Based on the pose of the ligand, the pocket structure can be splited from the protein structure

from pocket_flow import SplitPocket, Protein, Ligand

pro = Protein('/path/to/protein.pdb')
lig = Ligand('/path/to/ligand.sdf')
dist_cutoff = 10
pocket_block, _ = SplitPocket._split_pocket_with_surface_atoms(pro, lig, dist_cutoff)
open('/path/to/pocket.pdb','w').write(pocket_block)

Dataset

The raw CrossDocked2020 dataset is large, which need about 50G disk space.

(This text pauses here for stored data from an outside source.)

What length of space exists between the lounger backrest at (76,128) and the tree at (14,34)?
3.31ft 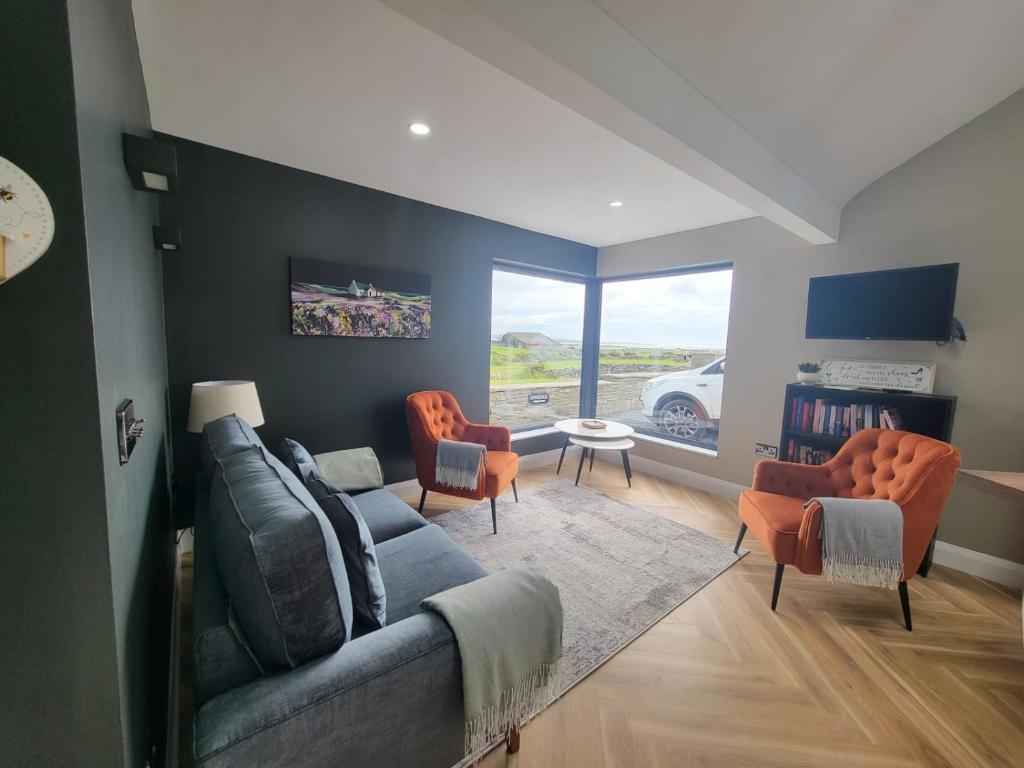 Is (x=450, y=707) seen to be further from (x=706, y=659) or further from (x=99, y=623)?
(x=706, y=659)

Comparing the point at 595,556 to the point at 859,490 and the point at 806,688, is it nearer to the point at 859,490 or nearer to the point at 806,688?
the point at 806,688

You can donwload the processed data from Pocket2Mol

from pocket_flow import CrossDocked2020

unexpected_sample = [
    line.split()[-1] for line in open('data/unexcept_element_sample_new.csv').read().split('\n')
    ]
cs2020 = CrossDocked2020(
    './data/crossdocked_pocket10/',
    './data/crossdocked_pocket10/index.pkl',
    unexpected_sample=unexpected_sample
    )
cs2020.run(
    dataset_name='crossdocked_pocket10_processed_35Atoms.lmdb',
    max_ligand_atom=35,
    only_backbone=False,
    lmdb_path='./data/'
    )

The pretraining datase of PocketFlow was choosed from ZINC 3D. You can download ZINC 3D, and then use make_pretrain_data.py to produce the pretraining dataset.